About half of world oil production results from waterflooding. The remaining resources, however, are more viscous and less amenable to waterflood as conventional oil reserves are produced. In offshore and Arctic environments improved methods of cold production for viscous oil are needed because the introduction of heat to thin viscous oil appears to be unlikely. Unfavorable mobility ratio and sweep is modified by use of polymer solutions. Of the various EOR polymer formulations, newly developed associative polymers show special promise. We investigate pore and pore network scales because polymer solutions ultimately flow through the pore space of rock to displace oil. We conduct and monitor optically water/oil and polymer solution/oil displacements in a two-dimensional etched-silicon micromodel. The micromodel has the geometrical and topological characteristics of sandstone. Conventional hydrolyzed polyacrylamide solutions and newly developed associative polymer solutions with concentrations ranging from 500 ppm to 2500 ppm were tested. The crude oil had a viscosity of 210 cP at test conditions. Our results provide new insight regarding the ability of polymer to stabilize multiphase flow. At zero and low polymer concentrations, relatively long and wide fingers of injectant developed, leading to early water breakthrough and low recoveries. At increased polymer concentration, a much greater number of relatively fine fingers formed. The width to length ratio of these fingers was quite small and the absolute length of fingers decreased. At a larger scale of observation, the displacement front appears to be stabilized; hence, recovery efficiency improved remarkably. Above a concentration of 1500 ppm, plugging of the micromodel by polymer and lower oil recovery was observed for both polymer types.
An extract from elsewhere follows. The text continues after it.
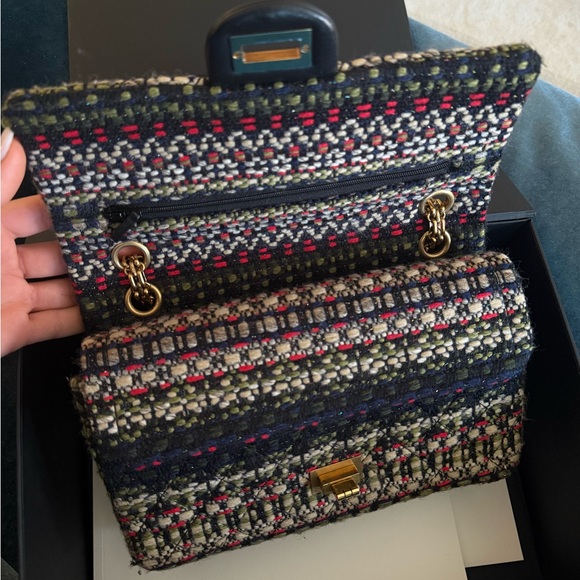 CHANEL TWEED 2.55 REISSUE  w/ BIJOUX CHAIN - Picture 11 of 16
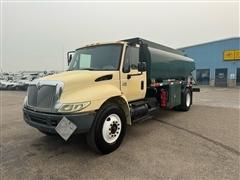 2005 International 4300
For tertiary polymer injection that begins at breakthrough of water, the severe fingers resulting from water injection are modified significantly. Fingers become wider and grow in the direction normal to flow as polymer solution replaces water. Apparently, improved sweep efficiency of viscous oils is possible (at this scale of investigation) even after water flooding. The associative and conventional polymer solutions improved oil recovery by about the same amount. The associative polymers, however, showed more stable fronts in comparison to conventional polymer solutions.